Kinder Morgan Inc. put the Lockridge natural gas pipeline in Texas into service earlier this month, according to a filing late Sept. 28 with the U.S. Federal Energy Regulatory Commission (FERC).
Lockridge, along with several pipes under development or construction, is designed to remove gas from the Permian Basin in West Texas and eastern New Mexico where pipeline capacity has not kept up with the amount of gas associated with oil production in the region.
Oil output in the Permian was on track to continue hitting record highs before the coronavirus depressed economic activity and energy demand earlier this year. Crude output in the Permian peaked at 4.9 million barrels in March.

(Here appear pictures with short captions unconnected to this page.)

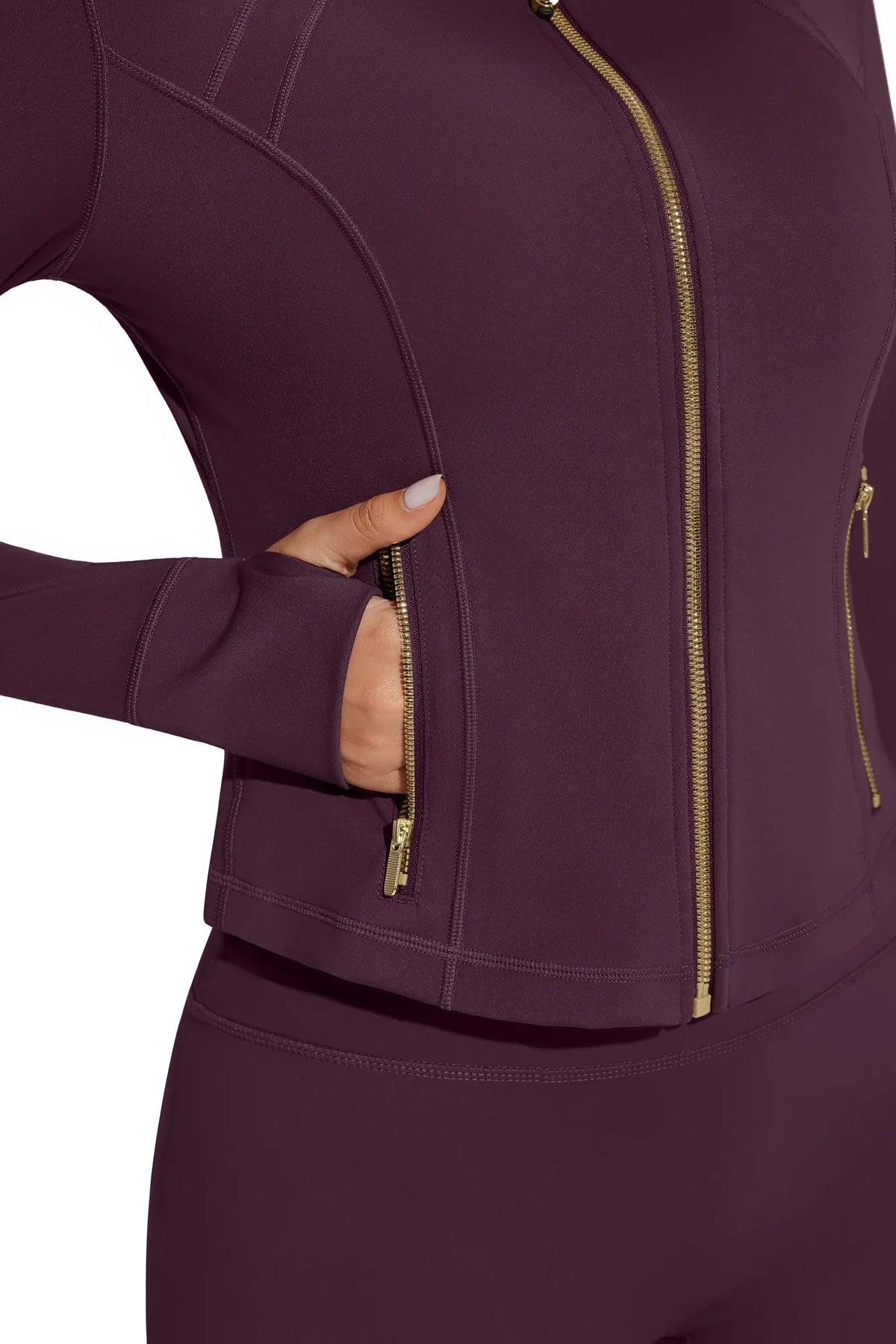 Golden Full Zip Up Jackets Workout Set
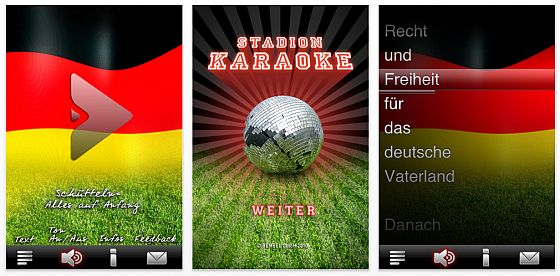 Stadionkaraoke_Screen Screenshot Stadionkaraoke App für das iPhone
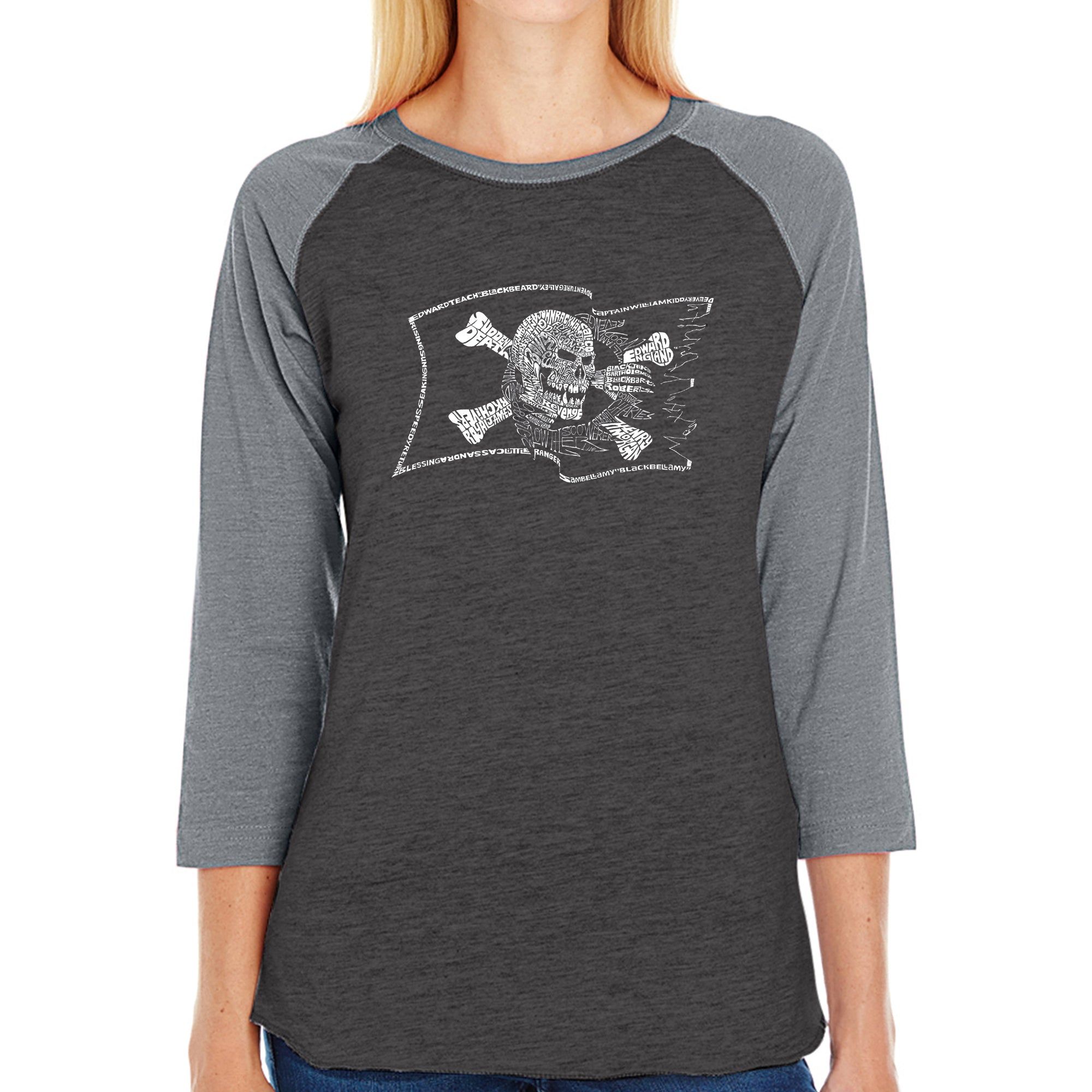 FAMOUS PIRATE CAPTAINS AND SHIPS - Women's Raglan Baseball Word Art T-Shirt sold by LA Pop Art product image thumbnail 3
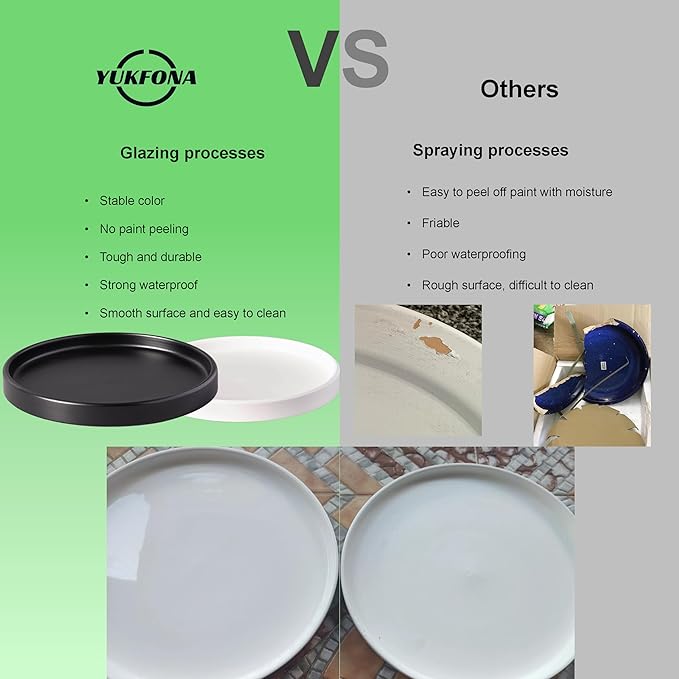 Ceramic Plant Saucer Pot Tray 6、8、10 Inch White, Planter Saucers for Indoors Outdoor, Durable Sturdy Flower Drainage drip Water Tray for Glazed Pots Base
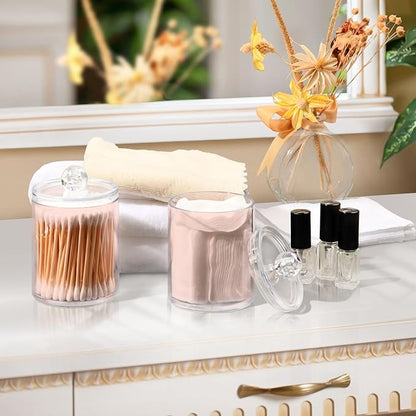 Misty Rose Pink Qtip Dispenser Apothecary Jars Bathroom Qtip Holder Storage Canister 10 Oz Plastic Jar for Cotton Ball Swab Round Pads Floss 2pcs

The lack of Permian pipeline space prompted some drillers to flare record amounts of gas before coronavirus demand destruction. That lack kept prices at the region's Waha hub well below the U.S. Henry Hub benchmark in Louisiana for years.
As recently as April, Waha prices were below zero. Henry Hub's premium over Waha averaged 89 cents per million British thermal units so far in 2020. That compares with $1.64 in 2019 and a five-year (2015-2019) average of 65 cents.
Henry Hub's premium over Waha has been declining since Kinder Morgan's 2-Bcf/d Gulf Coast Express pipe entered service in September 2019, allowing more low-cost Permian gas to flow to higher-cost markets along the U.S. Gulf Coast.
The 17-mile (27-km) Lockridge pipe is designed to deliver around 500 MMcf/d of gas.
One billion cubic feet is enough gas to fuel about five million U.S. homes for a day.
Other pipes expected to enter service over the next year or so in the Permian include Kinder Morgan's 2.1-Bcf/d Permian Highway in early 2021 and MPLX LP's 2-Bcf/d Whistler in late 2021.